Just another Reality-based bubble in the foam of the multiverse.

Tuesday, February 03, 2009

The Post-Modern Platform

Bob Herbert:

...“What people didn’t yet fully comprehend was that the overall disaster, the sinking of New Orleans, was a man-made debacle, resulting from poorly designed levees and floodwalls.”

And the spectacular rush-hour collapse of the Interstate 35W bridge over the Mississippi River in Minneapolis, which killed 13 people, was not enough to get us serious.

Not even the terrible economic downturn that has gripped the country — a downturn that could be eased by a truly big-time surge of infrastructure investment — has been enough to get the leaders of the country to do the right thing.
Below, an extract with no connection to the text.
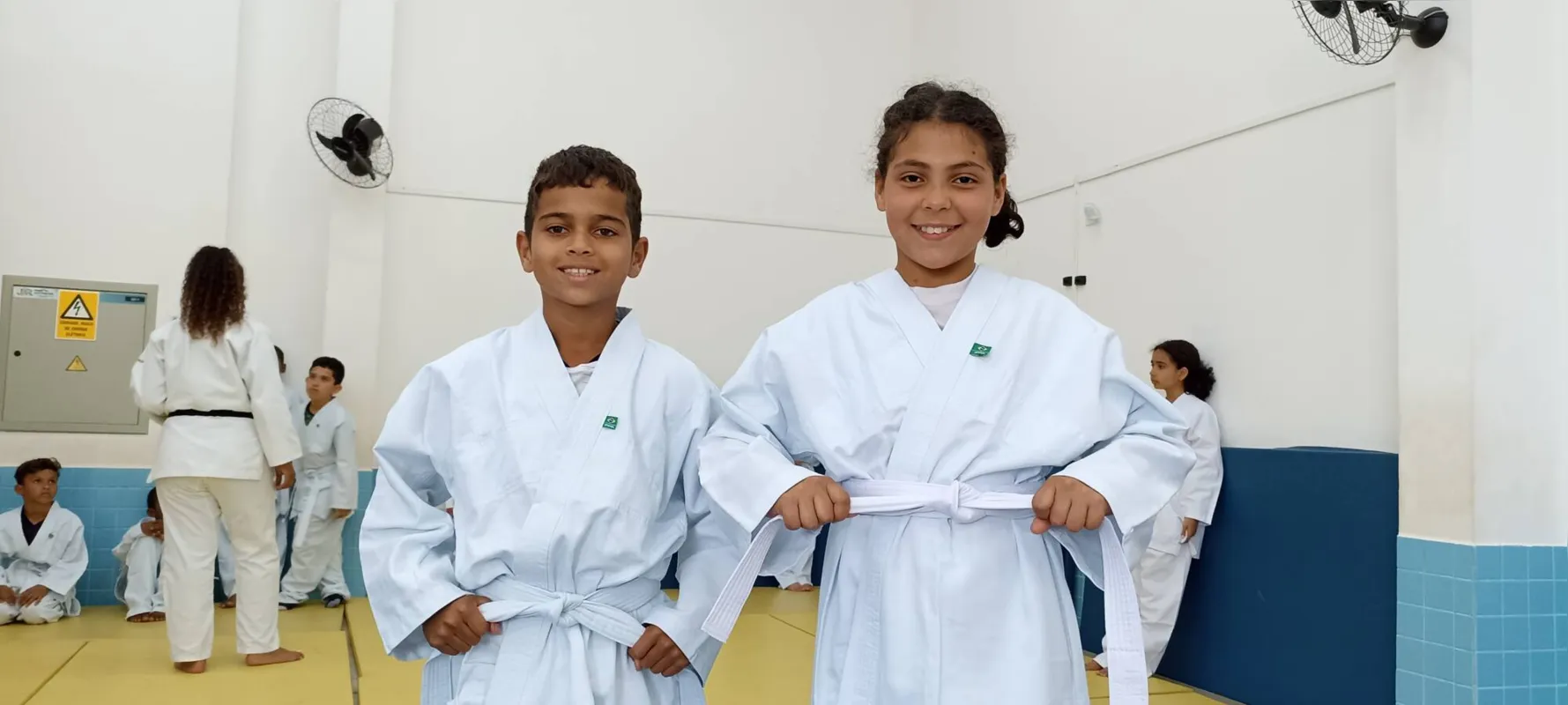 Cesar Samuel da Silva Teles e Vitória Gabriely da Silva, da Escola Municipal Américo Sabino Coimbra, amarram orgulhosos a faixa do quimono: aprender para evoluir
We’re rushing to bail out the banking industry for what? What kind of country will we have once the bankers are fat and happy again? The U.S. will still be a nation with a pathetic mid-20th-century infrastructure struggling to make it in a dynamic 21st-century world. It’s a blueprint for sustained national decline.

The reason to seize this particular moment to move with a laserlike focus on the infrastructure is because of the desperate need to stop the advancing rot, and because rebuilding the infrastructure is a phenomenal source of employment...

When you juxtapose this tremendous national need with the wholesale destruction of employment that has occurred over the past several months (and that is expected to continue for some time), you have to wonder why President Obama and Congressional leaders are not moving with extraordinary quickness to put together an infrastructure investment program that is both vast and visionary.

Instead, we have infrastructure spending in the Democrats’ proposed stimulus package that, while admirable, is far too meager to have much of an impact on the nation’s overall infrastructure requirements or the demand for the creation of jobs...

The big danger is that some variation of the currently proposed stimulus package will pass, another enormous bailout for the bankers will be authorized, and then the trillion-dollar-plus budget deficits will make their appearance, looming like unholy monsters over everything else, and Washington will suddenly lose its nerve.

The mantra (I can hear it now) will be that we can’t afford to spend any more money on the infrastructure, or on a big health care initiative, or any of the nation’s other crying needs. Suddenly fiscal discipline will be the order of the day and the people who are suffering now will suffer more, and the nation’s long-term prospects will be further damaged as its long-term needs continue to be neglected.

We no longer seem to learn much from history. Time and again an economic boom has followed a period of sustained infrastructure investment. Think of the building of the Erie Canal, which connected the Great Lakes to the Atlantic Ocean. Think of the rural electrification program, the interstate highway system, the creation of the Internet.

We’re suffering now from both a failure of will and of imagination...


Among other things, Mr. Herbert, we are suffering from a $ystem that is designed to deliver everything and everyone into the hands of the robber barons.